5 Responses to “They Know Something You don’t”

  1. Fantastic stuff Lucio

    Posted by MacroMale | December 10, 2008, 9:04 am
  2. Terrific break down and generally, these suggestions are A+.

    Generally.

    “- Situation 1 – Conversations where it’s best you stay out of it.
    Example: A public complaint about your company on an environment where you have big advocates and they are coming to your defense.”

    If only concerned about your reputation as seen in the eyes of fellow marketers, this is true. Although this is not so if your intent is to please consumers.

    An article by Jeremiah Owyang supplies us with stats that I’ve been talking about for some time, as popular marketers have pushed it under the carpet in disagreement, while they steadily convince others that what they preach is golden and cant be ignored. The whole guru thing. A farse to increase their cash flow and leave us with nothing more than the position of their advertising slaves.

    http://www.web-strategist.com/blog/2008/12/09/onsumers-say-your-corporate-blog-is-not-trusted

    16% of consumers polled, say they trust company blogs. only 16. One of the reasons for that is no transparency, no display of human weakness, mistakes, apologies..None of that. And we all know everyone makes mistakes.

    Avoiding problematic situations only shows that they do not care to make ammends, do not care to set it straight, make it right. They are in essence proving that their dollars mean more to them than the consumers.

    These are just a couple of reasons why..there are many more.

    “- Situation 3 – Lies about you
    If someone says something negative about you and this doesn’t reflect the reality, then you should look for a way to engage in order to get this content under control, or at least replied with your version.”

    This is the perfect platform for this one..

    Not too long ago, Kim Krause Berg, Li Evans, Lisa Barone, and other well known marketers lied about a girl, and used this girls mental illness against her in an effort to destroy this girls reputation. Why? This girl was truthful, open and transparent about issues that reflected poorly on them.

    Instead of setting it straight they brushed her under the rug, so she brought the situation to the attention of others on her blog.

    This incidence nearly cost the girl her life, as she is severely Bipolar and their attacks against her was damaging to an already fragile constitution. There was NO WAY for this girl to prevent the attacks and loss that they brought upon her. There was no waiting..

    Was she to crawl in a whole and hide from them because she was bullied and abused? Nope. She persisted where most people would not. but the fact of the matter is..these are all reasons why there is no comfortable way to handle lies in the marketplace except to PROVE by talk as well as actions that you are believable..yes, tell the truth about it..hold them accountable, but be prepared to face drama over it before it gets better.

    Fortunately this girl is walks her talk, and her new associates are more fulfilling than the pop ones that tried to take her out. It took persistence, but she is one of the people that the 16% of people will trust, because her actions meet her words.

    In essence, the best advice is to be open, transparent, and a giver. Everyone likes a giver.

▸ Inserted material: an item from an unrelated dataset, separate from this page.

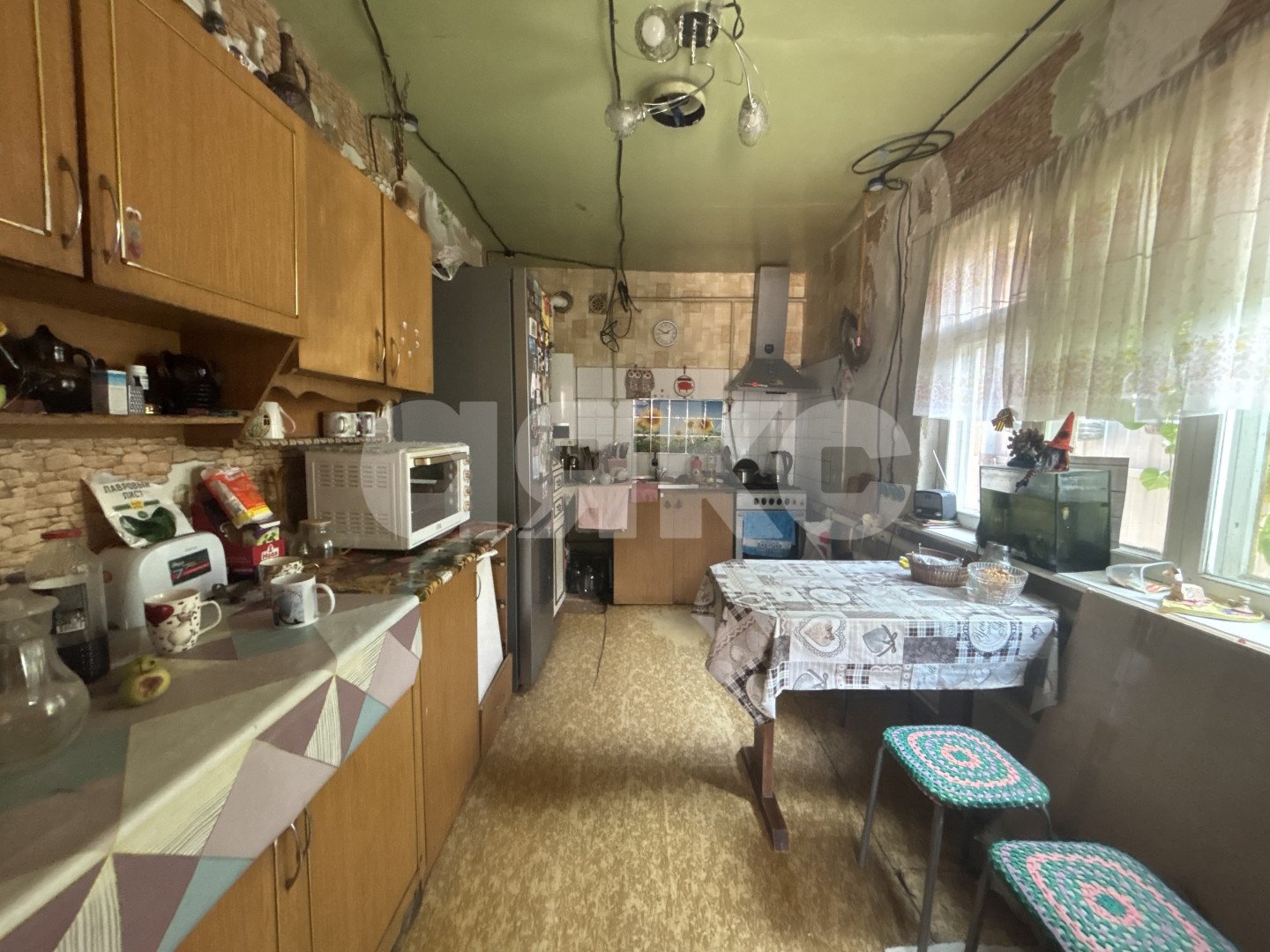 Фото №7: Дом 71 м² + 3.5 сот. - Армавир, Родина, ул. Островского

It’s a no brainer. And we want the consumers attention, not the marketers. And for real..all that takes is being you.

    Posted by Kimberly Bock | December 10, 2008, 11:52 am
  3. Well said Lucio, and something that more businesses should take into account. One of the best quotes I ever read was this:

    Business: We don’t want to blog because people might say bad things about us.
    Response: They already are. (courtesy of http://davefleet.com)

    Better to listen to the hard truth and do something about it as opposed to hoping it will just go away. The Internet debt sharks are a hard thing to shake off.